EXERCISE PROMPT:
In the data below, locate the line containing "Waves crashing on rocky beach at sunset 4K" and the line containing "A bedroom with", then retype both and everything between them exactly. Pictures are not part of the copy.

RECORDS PROVIDED:
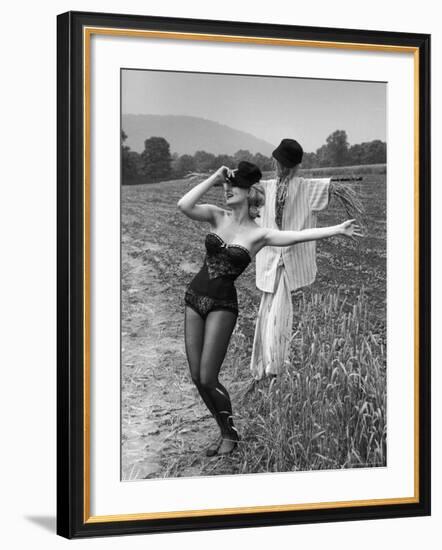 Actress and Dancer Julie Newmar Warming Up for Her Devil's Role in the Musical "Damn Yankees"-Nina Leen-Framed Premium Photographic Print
--
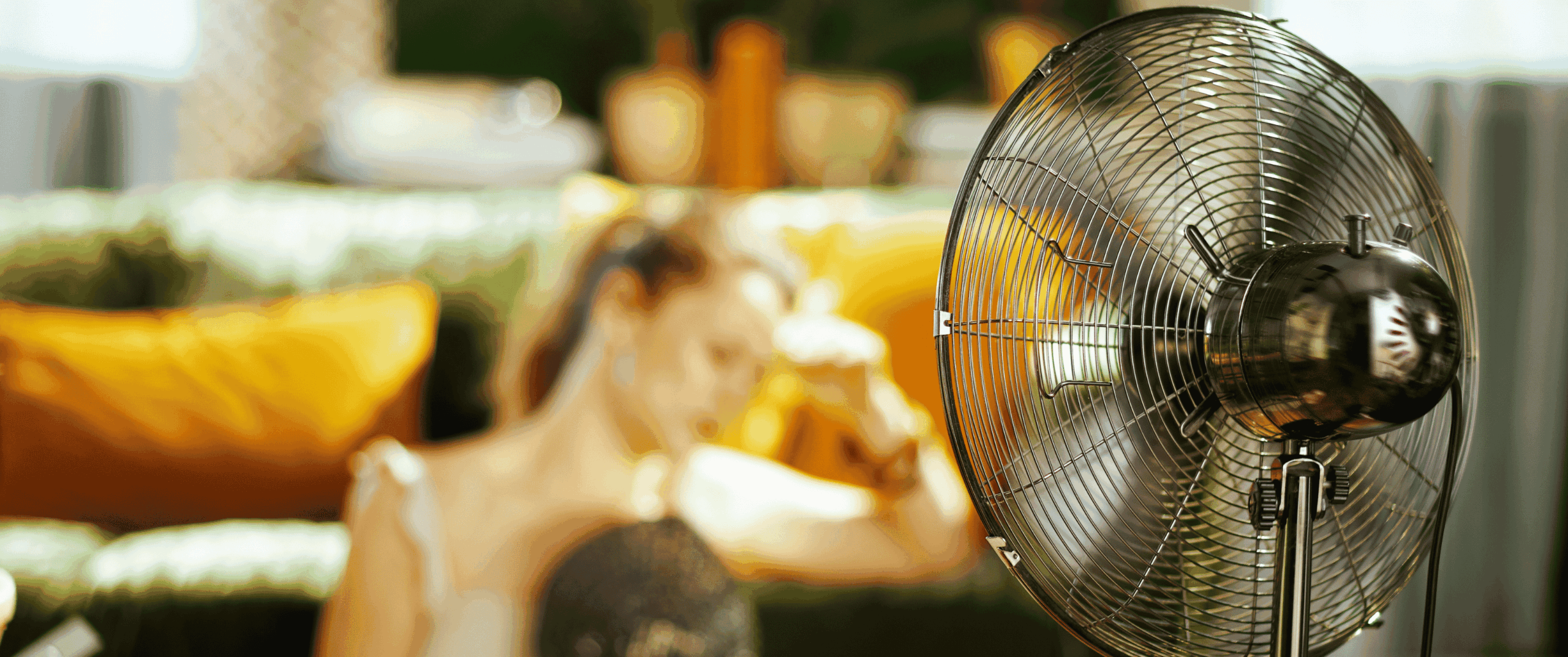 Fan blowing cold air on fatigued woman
* * *
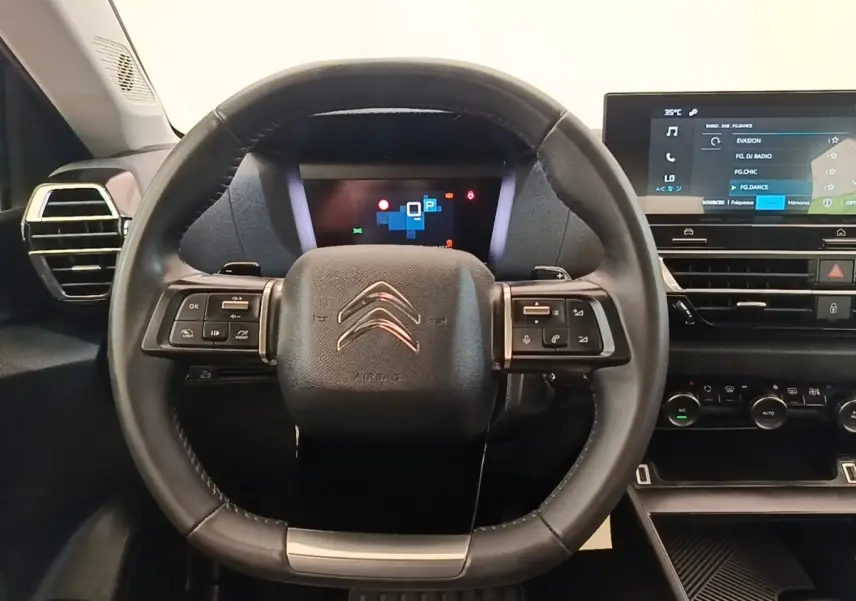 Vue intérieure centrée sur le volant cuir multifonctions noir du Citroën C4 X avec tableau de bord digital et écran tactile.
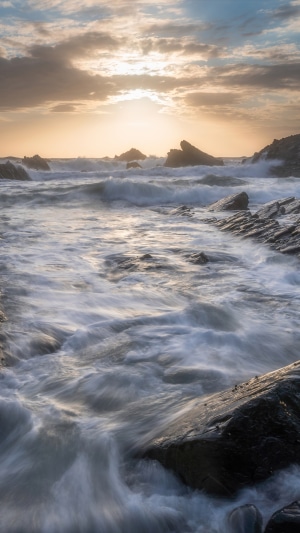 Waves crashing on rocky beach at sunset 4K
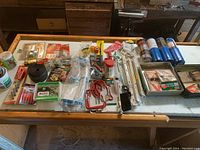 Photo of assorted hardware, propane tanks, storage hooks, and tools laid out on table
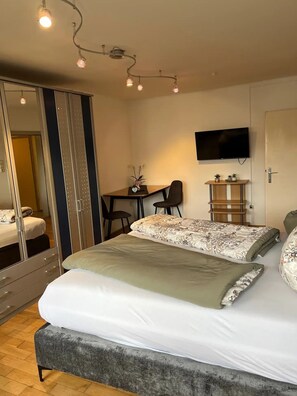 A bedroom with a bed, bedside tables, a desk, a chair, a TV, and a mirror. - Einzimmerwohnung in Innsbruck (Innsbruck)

TASK SOLUTION:
 Waves crashing on rocky beach at sunset 4K
 Photo of assorted hardware, propane tanks, storage hooks, and tools laid out on table
 A bedroom with a bed, bedside tables, a desk, a chair, a TV, and a mirror. - Einzimmerwohnung in Innsbruck (Innsbruck)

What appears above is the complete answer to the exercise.